Trauma Research Center, Shahid Rajaee (Emtiaz) Trauma Hospital, Shiraz University of Medical Sciences, Shiraz, Iran.
Technical and Vocational University, Shiraz, Iran.
Chin J Traumatol. 2021 Feb;24(1):48-52. doi: 10.1016/j.cjtee.2020.11.009. Epub 2020 Nov 24.
The triage and initial care of injured patients and a subsequent right level of care is paramount for an overall outcome after traumatic injury. Early recognition of patients is an important case of such decision-making with risk of worse prognosis. This article is to answer if clinical and paraclinical signs can predict the critical conditions of injured patients after traumatic injury resuscitation.
The study included 1107 trauma patients, 16 years and older. The patients were trauma victims of Levels I and II triage and admitted to the Rajaee (Emtiaz) Trauma Hospital, Shiraz, in 2014-2015. The cross-industry process for data mining methodology and modeling was used for assessing the best early clinical and paraclinical variables to predict the patients' prognosis. Five modeling methods including the support vector machine, K-nearest neighbor algorithms, Bagging and Adaboost, and the neural network were compared by some evaluation criteria.
Learning algorithms can predict the deterioration of injured patients by monitoring the Bagging and SVM models with 99% accuracy. The most-fitted variables were Glasgow Coma Scale score, base deficit, and diastolic blood pressure especially after initial resuscitation in the algorithms for overall outcome predictions.

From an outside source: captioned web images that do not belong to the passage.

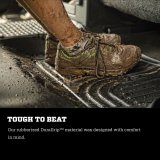 Husky Liners 20-23 Mercedes-Benz GLE450/GL63 AMG S X-Act Contour Black Floor Liners (2nd Seat) thumbnail 6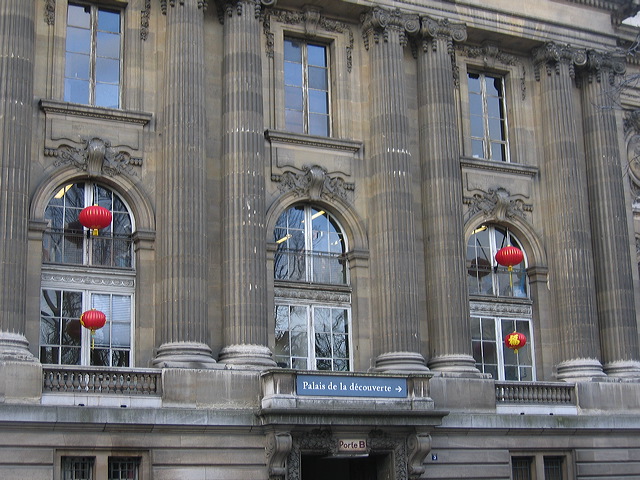 paris04-084.jpg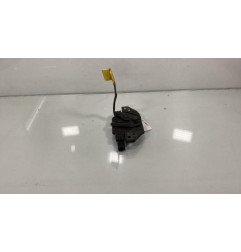Fermeture de capot FORD C-MAX 2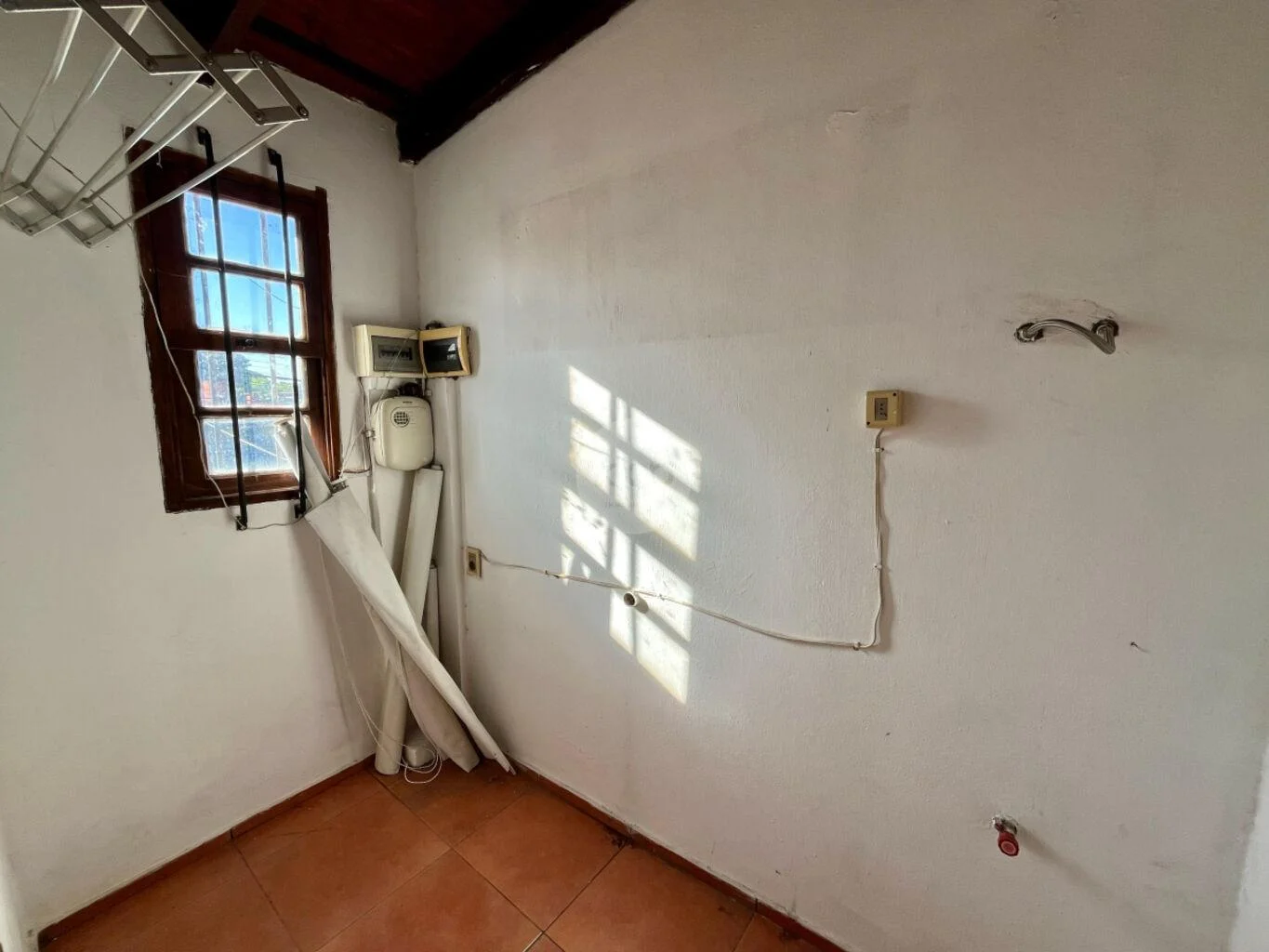 Casa en Solymar, propiedad 264731 -Imagen 17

Data mining could help in triage, initial treatment, and further decision-making for outcome measures in trauma patients. Clinical and paraclinical variables after resuscitation could predict short-term outcomes much better than variables on arrival. With artificial intelligence modeling system, diastolic blood pressure after resuscitation has a greater association with predicting early mortality rather than systolic blood pressure after resuscitation. Artificial intelligence monitoring may have a role in trauma care and should be further investigated.
对创伤患者进行分诊和初步治疗,并为其提供适当的后续治疗,对于创伤后整体预后至关重要。早期识别患者对于此类决策非常重要,因为这关系到预后的好坏。本文旨在探讨临床和辅助检查指标是否能预测创伤后复苏患者的危急情况。
本研究纳入了 2014 年至 2015 年在设拉子 Rajaee(Emtiaz)创伤医院接受 I 级和 II 级分诊的 1107 例 16 岁及以上的创伤患者。采用跨行业数据挖掘方法和建模过程,评估预测患者预后的最佳早期临床和辅助检查变量。通过一些评估标准比较了支持向量机、K 最近邻算法、Bagging 和 Adaboost 以及神经网络等 5 种建模方法。
学习算法可以通过监测 Bagging 和 SVM 模型,以 99%的准确率预测创伤患者的病情恶化。在预测整体预后的算法中,格拉斯哥昏迷评分、基础不足和舒张压等变量在初始复苏后拟合度最高。
数据挖掘有助于创伤患者的分诊、初步治疗和预后评估决策。复苏后临床和辅助检查指标比入院时的指标能更好地预测短期预后。在人工智能模型系统中,舒张压与预测早期死亡率的相关性大于舒张压与预测早期死亡率的相关性。人工智能监测可能在创伤护理中发挥作用,值得进一步研究。